Fatigue

Quatrième semaine - p.4

Je me sens aussi démunie devant l'avenir que si j'avais seize ans : je suis seule, je ne peux pas me permettre des folies sur le plan financier, je ne sais pas ce que je vais faire, je ne sais pas ce que je veux faire. Le monde me semble bouché. Quand je pense que j'ai cinq mois de temps libre devant moi, je me demande ce que je veux en faire… mais à part me reposer, je ne peux pas en faire grand'chose.
Je réfléchis, pourtant, pour me souvenir des pays que j'ai toujours eu envie de visiter. Fantasmer ne mange pas de pain. Et il y en a beaucoup : la Jordanie, le désert du Sahara, le Grand Canyon pour ce qui est des lieux. L'Asie, pour ce qui est des humains. L'Egypte, pour ce qui est des vieilles pierres. La région de Vancouver pour ce qui est du dépaysement et de la diversité. J'ai toujours rêvé de voyager, hors des sentiers battus, visiter, rencontrer des gens, leur culture, m'ouvrir l'esprit… mais seule, sans vrai budget et surtout sans énergie, ce ne serait qu'une fuite en avant suicidaire. Je dois donc oublier. Faire un trait. Attendre une meilleure forme, à tout le moins.
Heureusement, j'ai pas mal d'ami(e)s à l'étranger. Je suis attendue à Paris, à Brighton, au nord des Pays-Bas, en Suisse, en Italie, en Espagne et sur un voilier ici en mer du Nord… Je ne sais seulement pas dans quel état d'énergie je serai, ni quand. Encore une fois, c'est difficile de m'organiser si je ne sais rien d'avance.

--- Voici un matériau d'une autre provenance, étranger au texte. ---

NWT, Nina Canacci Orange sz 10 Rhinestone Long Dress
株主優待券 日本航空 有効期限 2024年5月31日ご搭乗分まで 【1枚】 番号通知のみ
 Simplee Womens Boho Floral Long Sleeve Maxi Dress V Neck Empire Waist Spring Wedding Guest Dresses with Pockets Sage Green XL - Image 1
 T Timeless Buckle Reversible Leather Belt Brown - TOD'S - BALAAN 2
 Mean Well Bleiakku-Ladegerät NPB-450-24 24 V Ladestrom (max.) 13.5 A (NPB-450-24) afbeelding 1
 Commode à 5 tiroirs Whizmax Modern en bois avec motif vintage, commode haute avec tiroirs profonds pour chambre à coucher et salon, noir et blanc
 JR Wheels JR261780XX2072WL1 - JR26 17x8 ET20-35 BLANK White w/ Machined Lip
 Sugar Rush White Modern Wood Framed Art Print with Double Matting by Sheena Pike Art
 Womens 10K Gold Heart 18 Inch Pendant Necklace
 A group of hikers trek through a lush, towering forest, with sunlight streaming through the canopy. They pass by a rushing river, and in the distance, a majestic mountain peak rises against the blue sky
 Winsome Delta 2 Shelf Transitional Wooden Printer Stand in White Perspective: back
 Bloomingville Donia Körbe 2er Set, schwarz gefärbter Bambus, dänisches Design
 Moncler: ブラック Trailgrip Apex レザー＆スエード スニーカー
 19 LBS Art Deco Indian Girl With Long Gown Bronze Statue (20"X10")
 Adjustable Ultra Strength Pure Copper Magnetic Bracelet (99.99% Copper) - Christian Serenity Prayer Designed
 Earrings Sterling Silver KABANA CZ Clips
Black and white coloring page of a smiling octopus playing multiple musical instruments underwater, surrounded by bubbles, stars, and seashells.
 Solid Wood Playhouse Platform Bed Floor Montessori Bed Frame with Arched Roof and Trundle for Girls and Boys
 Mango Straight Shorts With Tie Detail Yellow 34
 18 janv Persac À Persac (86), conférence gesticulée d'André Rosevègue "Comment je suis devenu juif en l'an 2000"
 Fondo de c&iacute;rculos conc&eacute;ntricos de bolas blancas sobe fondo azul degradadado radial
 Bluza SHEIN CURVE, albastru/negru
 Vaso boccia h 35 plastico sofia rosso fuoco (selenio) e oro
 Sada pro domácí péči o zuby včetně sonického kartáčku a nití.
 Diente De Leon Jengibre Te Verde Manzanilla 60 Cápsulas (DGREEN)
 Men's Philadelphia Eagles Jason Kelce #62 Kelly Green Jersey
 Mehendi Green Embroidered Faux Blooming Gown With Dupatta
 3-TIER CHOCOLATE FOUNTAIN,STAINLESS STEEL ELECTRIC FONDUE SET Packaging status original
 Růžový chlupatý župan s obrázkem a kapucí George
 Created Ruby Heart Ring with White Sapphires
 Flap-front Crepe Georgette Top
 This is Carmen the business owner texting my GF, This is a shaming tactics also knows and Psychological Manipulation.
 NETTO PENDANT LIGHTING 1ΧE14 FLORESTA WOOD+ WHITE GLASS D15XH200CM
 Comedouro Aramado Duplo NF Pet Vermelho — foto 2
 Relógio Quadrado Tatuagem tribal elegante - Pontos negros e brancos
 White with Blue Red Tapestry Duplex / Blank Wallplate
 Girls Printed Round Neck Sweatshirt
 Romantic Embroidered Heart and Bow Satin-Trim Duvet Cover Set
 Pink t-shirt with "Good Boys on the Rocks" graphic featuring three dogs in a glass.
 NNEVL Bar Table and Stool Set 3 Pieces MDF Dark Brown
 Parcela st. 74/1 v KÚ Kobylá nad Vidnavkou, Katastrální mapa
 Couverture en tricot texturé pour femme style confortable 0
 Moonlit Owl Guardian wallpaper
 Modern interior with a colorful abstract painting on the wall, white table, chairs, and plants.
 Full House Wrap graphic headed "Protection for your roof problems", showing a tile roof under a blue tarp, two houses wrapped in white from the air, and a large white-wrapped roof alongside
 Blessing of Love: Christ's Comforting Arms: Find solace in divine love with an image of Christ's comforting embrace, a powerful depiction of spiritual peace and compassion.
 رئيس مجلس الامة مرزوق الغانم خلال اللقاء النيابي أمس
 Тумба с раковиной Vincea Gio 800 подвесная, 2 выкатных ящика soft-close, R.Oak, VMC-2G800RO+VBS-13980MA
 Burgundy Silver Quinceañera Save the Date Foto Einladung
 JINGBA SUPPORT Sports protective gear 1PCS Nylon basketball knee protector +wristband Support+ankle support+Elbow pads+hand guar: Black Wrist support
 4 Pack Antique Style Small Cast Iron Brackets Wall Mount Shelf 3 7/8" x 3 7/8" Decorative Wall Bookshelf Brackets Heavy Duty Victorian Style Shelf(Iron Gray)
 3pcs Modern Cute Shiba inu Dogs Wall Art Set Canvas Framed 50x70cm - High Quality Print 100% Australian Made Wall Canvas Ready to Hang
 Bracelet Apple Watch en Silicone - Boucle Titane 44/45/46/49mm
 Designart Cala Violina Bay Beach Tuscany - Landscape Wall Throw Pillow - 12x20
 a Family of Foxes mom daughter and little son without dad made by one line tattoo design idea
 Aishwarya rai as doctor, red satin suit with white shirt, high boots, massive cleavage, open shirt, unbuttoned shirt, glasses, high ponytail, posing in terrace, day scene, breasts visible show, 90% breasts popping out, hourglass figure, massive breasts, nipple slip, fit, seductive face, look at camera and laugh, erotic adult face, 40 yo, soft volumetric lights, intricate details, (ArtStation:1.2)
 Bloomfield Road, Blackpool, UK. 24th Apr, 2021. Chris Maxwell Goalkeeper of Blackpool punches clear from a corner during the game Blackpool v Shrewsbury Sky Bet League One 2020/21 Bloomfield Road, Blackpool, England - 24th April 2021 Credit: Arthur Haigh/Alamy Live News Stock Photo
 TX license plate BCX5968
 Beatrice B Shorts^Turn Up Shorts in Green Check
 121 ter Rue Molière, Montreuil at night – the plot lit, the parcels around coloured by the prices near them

L'autre jour, en me balladant avec Tania dans un petit parc du centre ville, nous avons mis deux heures à goûter à tous les parfums et à toutes les merveilles d'un printemps sec et ensoleillé : toutes les plantes étaient en fleurs, les oiseaux construisaient leurs nids, les enfants jouaient sous les yeux attendris des grands-mères… Deux heures pour faire ce que d'autres font en un quart d'heure : promener le chien. J'ai été étonnée à quel point cette sortie m'avait régénérée et je me suis dit que, peut-être, ce serait seulement ça, ma convalescence : des petits plaisirs, savourés là où d'autres les dévorent, tout près de chez soi.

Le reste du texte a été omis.